Noir novels are the 20th-century version of gothic potboilers. These books take us behind the scenes of the trashy stories we see splashed across the covers of American tabloids. We expect the cheap titillation of tawdry sex and back-alley murders. We certainly don’t think of ourselves as embarking on heavy philosophical explorations of humanity’s place in a Godless universe. America doesn’t do philosophy, at least not that we’re willing to admit.

However, Cain delivers with both barrels. He’s got one loaded with all trashiness the public has been primed to expect, and the other barrel is packed with the same unflinching self-examination practiced by Camus and Jean-Paul Sartre.

And it wasn’t just James M. Cain who wrote these sorts of things, though he did it first and best with his first three novels, a trifecta of noir brilliance – The Postman Always Rings Twice, Double Indemnity, and Mildred Pierce.
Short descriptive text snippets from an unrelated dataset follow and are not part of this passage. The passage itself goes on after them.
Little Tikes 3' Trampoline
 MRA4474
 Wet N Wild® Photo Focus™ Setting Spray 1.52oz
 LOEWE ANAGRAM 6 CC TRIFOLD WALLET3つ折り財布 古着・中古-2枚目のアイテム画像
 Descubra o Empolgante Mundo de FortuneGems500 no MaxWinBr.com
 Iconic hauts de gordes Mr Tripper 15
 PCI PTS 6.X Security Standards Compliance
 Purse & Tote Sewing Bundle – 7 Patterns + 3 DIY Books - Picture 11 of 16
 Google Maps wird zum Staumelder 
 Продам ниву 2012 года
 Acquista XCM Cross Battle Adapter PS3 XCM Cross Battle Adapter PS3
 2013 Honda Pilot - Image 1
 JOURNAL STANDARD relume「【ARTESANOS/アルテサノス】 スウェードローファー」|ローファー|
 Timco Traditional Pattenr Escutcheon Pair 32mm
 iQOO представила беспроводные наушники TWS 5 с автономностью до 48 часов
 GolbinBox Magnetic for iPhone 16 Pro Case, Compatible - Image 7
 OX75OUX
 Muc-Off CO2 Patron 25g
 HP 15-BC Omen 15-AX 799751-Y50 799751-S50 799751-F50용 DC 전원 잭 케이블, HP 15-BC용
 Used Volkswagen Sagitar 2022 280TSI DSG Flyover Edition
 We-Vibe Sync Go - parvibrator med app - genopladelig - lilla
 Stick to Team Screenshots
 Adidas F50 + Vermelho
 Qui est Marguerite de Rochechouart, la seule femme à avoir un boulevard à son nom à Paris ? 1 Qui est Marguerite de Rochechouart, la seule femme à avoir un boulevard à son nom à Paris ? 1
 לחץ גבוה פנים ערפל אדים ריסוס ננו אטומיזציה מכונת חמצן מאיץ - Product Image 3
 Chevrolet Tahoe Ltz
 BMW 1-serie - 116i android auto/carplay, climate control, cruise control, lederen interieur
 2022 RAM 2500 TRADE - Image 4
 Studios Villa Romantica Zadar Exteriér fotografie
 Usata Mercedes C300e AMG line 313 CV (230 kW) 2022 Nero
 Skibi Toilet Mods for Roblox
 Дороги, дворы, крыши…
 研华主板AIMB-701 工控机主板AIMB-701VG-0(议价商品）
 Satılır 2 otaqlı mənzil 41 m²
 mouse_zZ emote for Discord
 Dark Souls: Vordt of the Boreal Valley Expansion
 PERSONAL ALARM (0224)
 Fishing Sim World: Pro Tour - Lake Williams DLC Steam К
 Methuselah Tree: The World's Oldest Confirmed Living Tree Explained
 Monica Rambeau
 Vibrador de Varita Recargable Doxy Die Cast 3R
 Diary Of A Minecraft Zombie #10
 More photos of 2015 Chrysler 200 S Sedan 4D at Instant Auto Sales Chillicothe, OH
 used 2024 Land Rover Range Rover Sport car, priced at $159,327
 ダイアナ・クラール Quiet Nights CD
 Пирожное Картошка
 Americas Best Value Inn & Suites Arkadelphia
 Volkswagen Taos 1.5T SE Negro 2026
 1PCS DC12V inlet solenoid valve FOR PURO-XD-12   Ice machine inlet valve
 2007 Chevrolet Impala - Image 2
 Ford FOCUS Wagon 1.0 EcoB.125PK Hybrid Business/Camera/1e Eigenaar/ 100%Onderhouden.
But a whole host of other American noir writers emerged during the 30’s, 40’s, and 50’s. Proto-noirist Cornell Woolrich wrote not only a brilliant series of novels with Black in the title but also Rear Window, which Hitchcock adapted into his brilliantly claustrophobic film. After Cain, David Goodis found the most favor with French readers. In 1960, François Truffaut turned his novel Shoot the Piano Player into a brilliant film. The grande dame of noir, Patricia Highsmith wrote her Talented Mr. Ripley series as well as Strangers on a Train and countless other wicked gems. For a delicious taste of Highsmith’s genius for psycho-sexual tension, check out the underappreciated 2015 film Carol which adapts her 1952 novel The Price of Salt. Though his talent was uneven due to his bouts of alcoholism, Jim Thompson wrote a dozen or more indispensible noir classics, including The Killer Inside Me, Pop. 1280, The Grifters, Savage Night, and (my personal favorite) After Dark, My Sweet.

thompson

These authors were the luminaries, but many other noir writers emerged in this era. Some wrote quickly for money. Others had just one or two brilliant moments in the sun. Yet, prolific or not, they all still understood the basic premise of a bleak worldview they were promulgating. Living in the wake of World War I with all its fresh horrors, followed by the global grind of the Depression, and then emerging into what Charles Willeford called the “new forms of ugly” manifest during and after World War II with its twin horrors of the Holocaust and the atomic bomb.

In the face of all this, noir authors wrote what came naturally to them, gritty, grinding crime novels that tried to make sense of a world where God is dead, or at least sleeping. Noir became essential because it confronted the fact that we are ultimately alone in the universe. Worse, we no longer have any illusions that anything can save us from ourselves.